[RECORDS FOR THE EXERCISE]
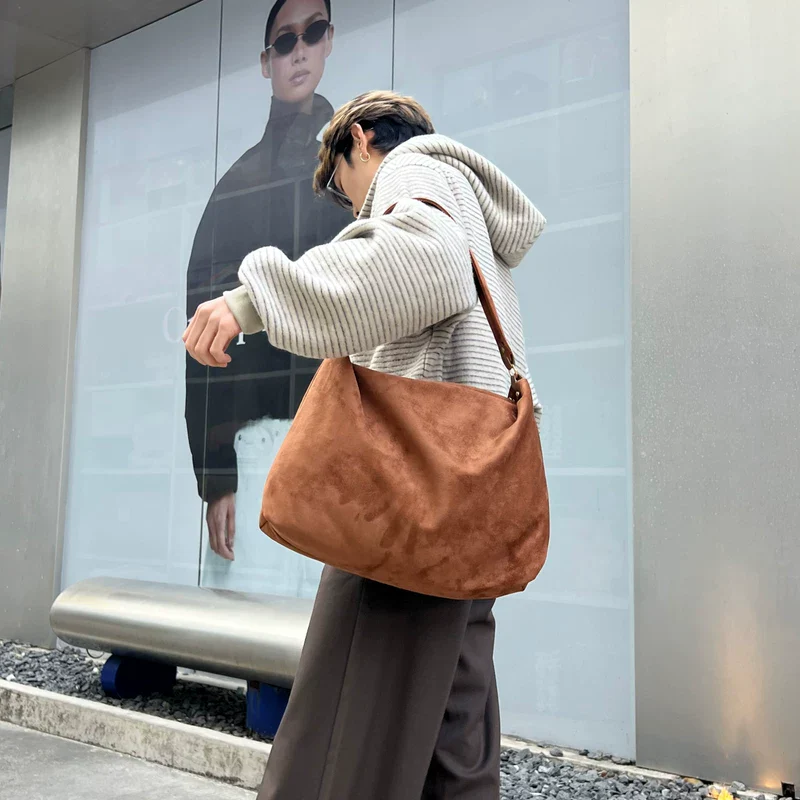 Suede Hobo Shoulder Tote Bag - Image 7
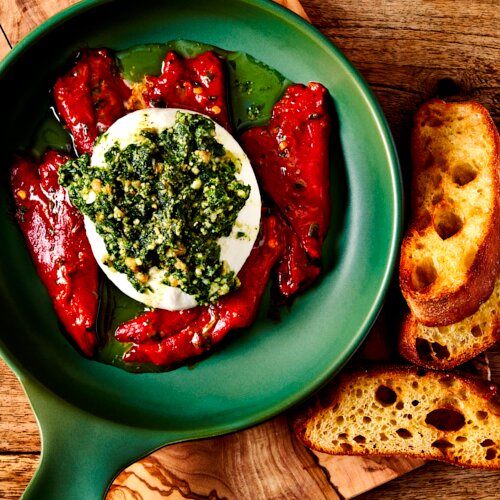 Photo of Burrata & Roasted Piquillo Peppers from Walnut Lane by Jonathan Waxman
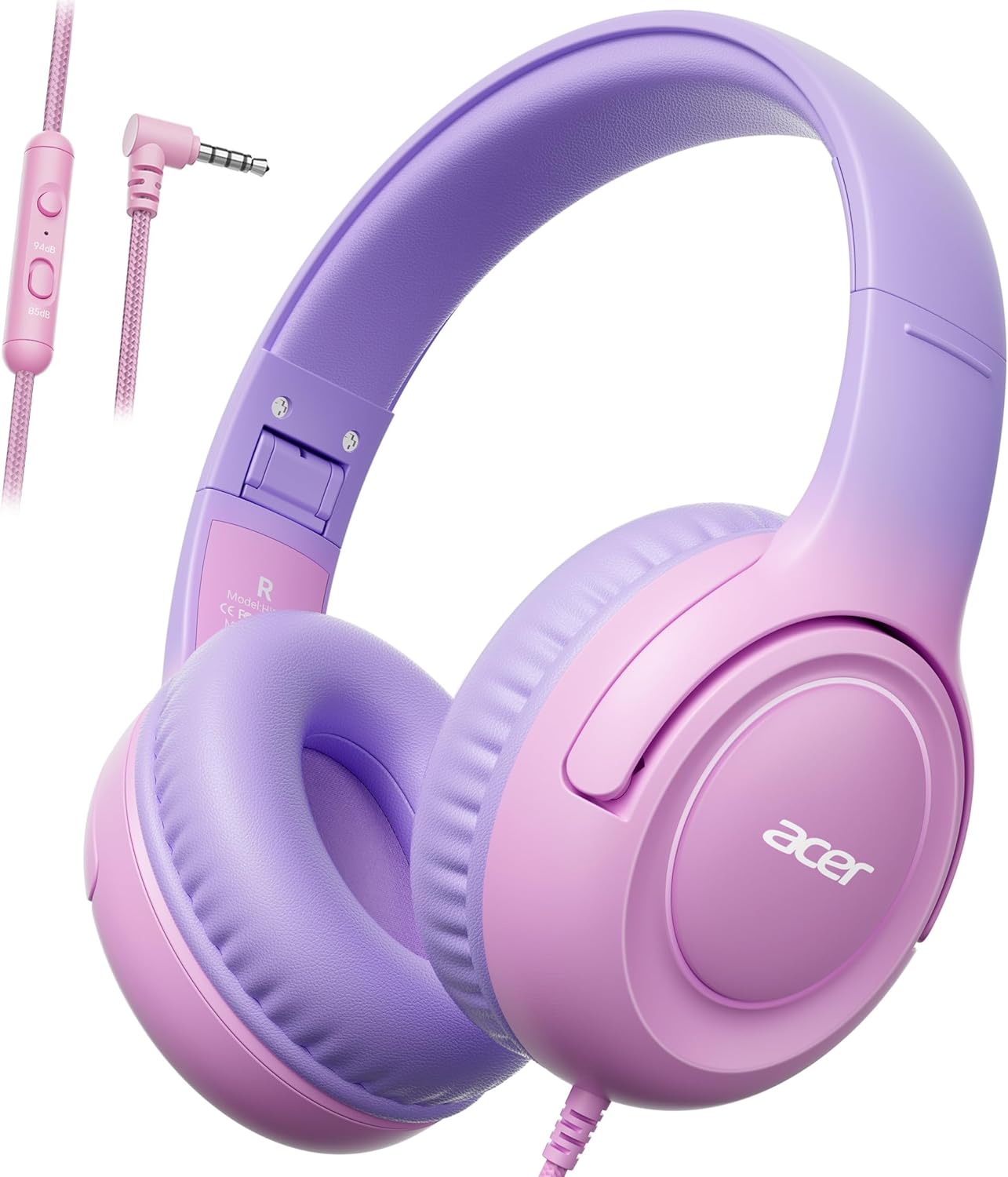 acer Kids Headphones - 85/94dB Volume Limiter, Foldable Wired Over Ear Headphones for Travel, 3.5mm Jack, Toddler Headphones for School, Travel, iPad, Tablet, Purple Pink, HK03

==

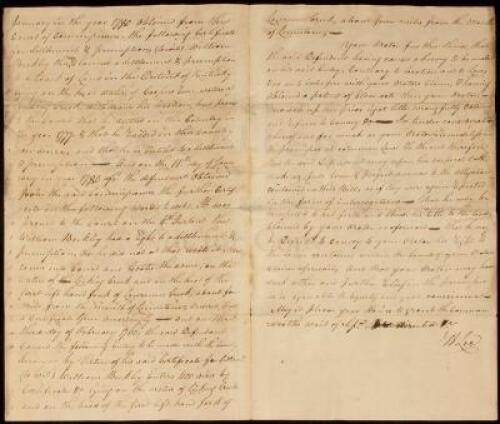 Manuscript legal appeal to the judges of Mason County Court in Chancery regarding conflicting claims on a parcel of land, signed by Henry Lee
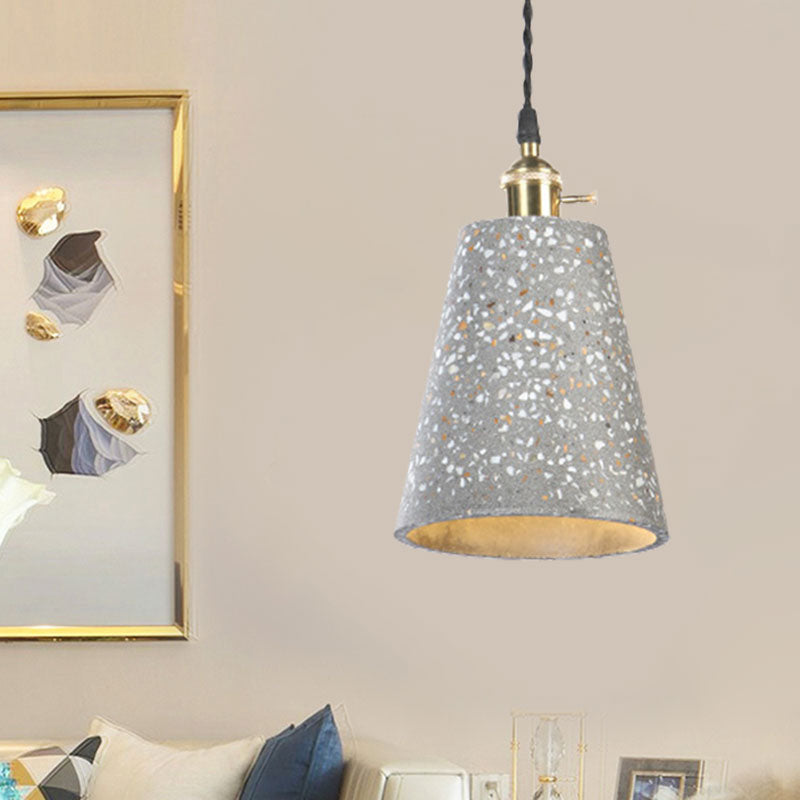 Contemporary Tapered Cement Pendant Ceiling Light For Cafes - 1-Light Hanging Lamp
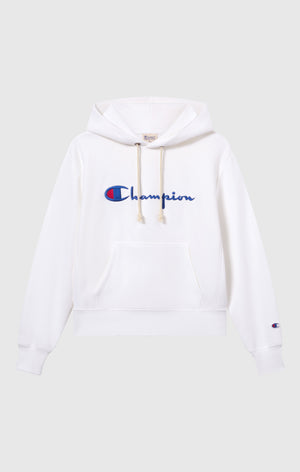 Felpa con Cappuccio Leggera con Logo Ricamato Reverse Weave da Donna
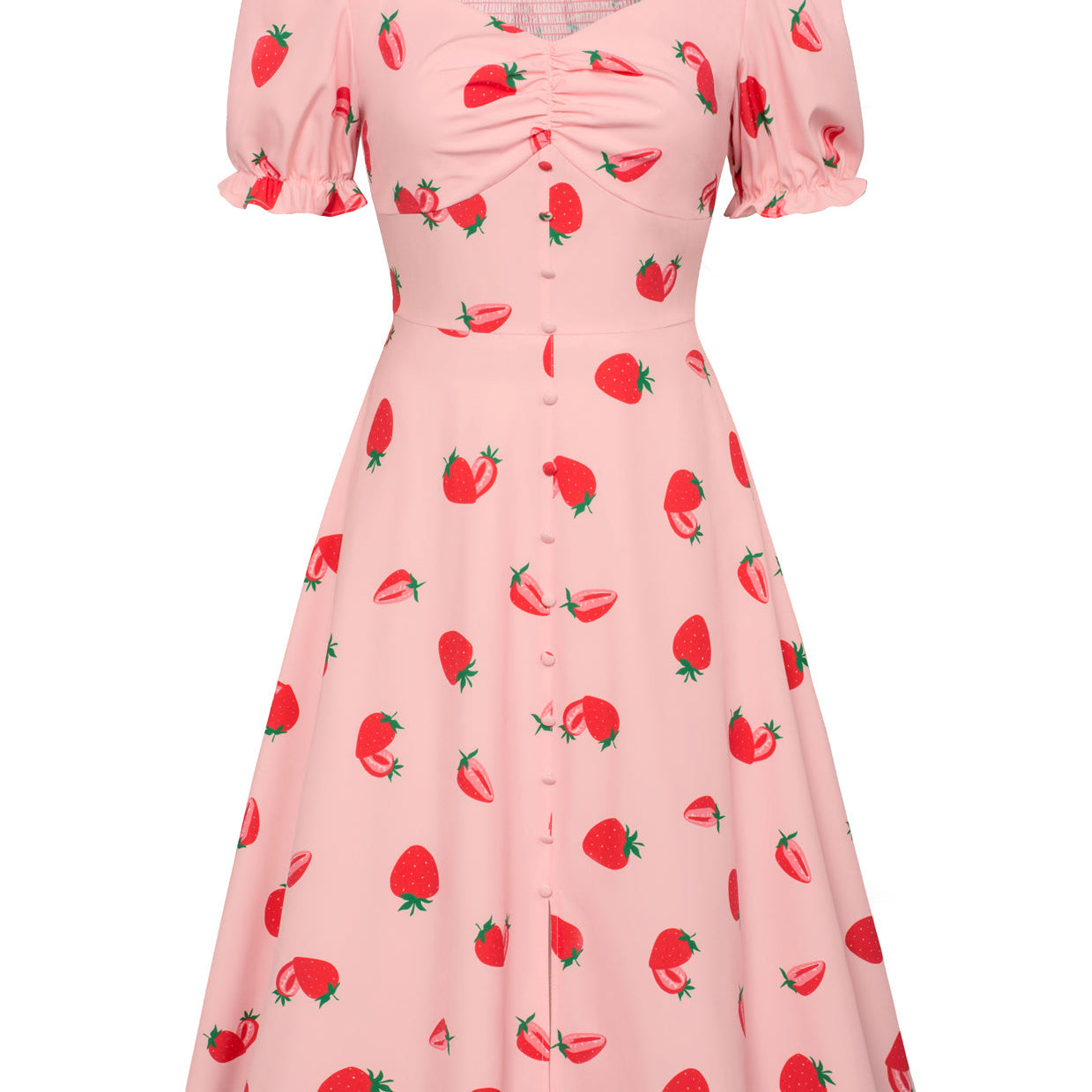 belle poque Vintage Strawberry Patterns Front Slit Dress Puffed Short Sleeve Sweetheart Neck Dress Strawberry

==

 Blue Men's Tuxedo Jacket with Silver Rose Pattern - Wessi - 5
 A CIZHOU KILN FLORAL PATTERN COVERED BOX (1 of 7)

[INSTRUCTIONS TO FOLLOW]
Above are some records; quote exactly and only the lines that begin at the line containing "Contemporary Tapered Cement" and stop after the line containing "belle poque Vintage", leaving out the pictures.

[SOLUTION]
 Contemporary Tapered Cement Pendant Ceiling Light For Cafes - 1-Light Hanging Lamp
 Felpa con Cappuccio Leggera con Logo Ricamato Reverse Weave da Donna
 belle poque Vintage Strawberry Patterns Front Slit Dress Puffed Short Sleeve Sweetheart Neck Dress Strawberry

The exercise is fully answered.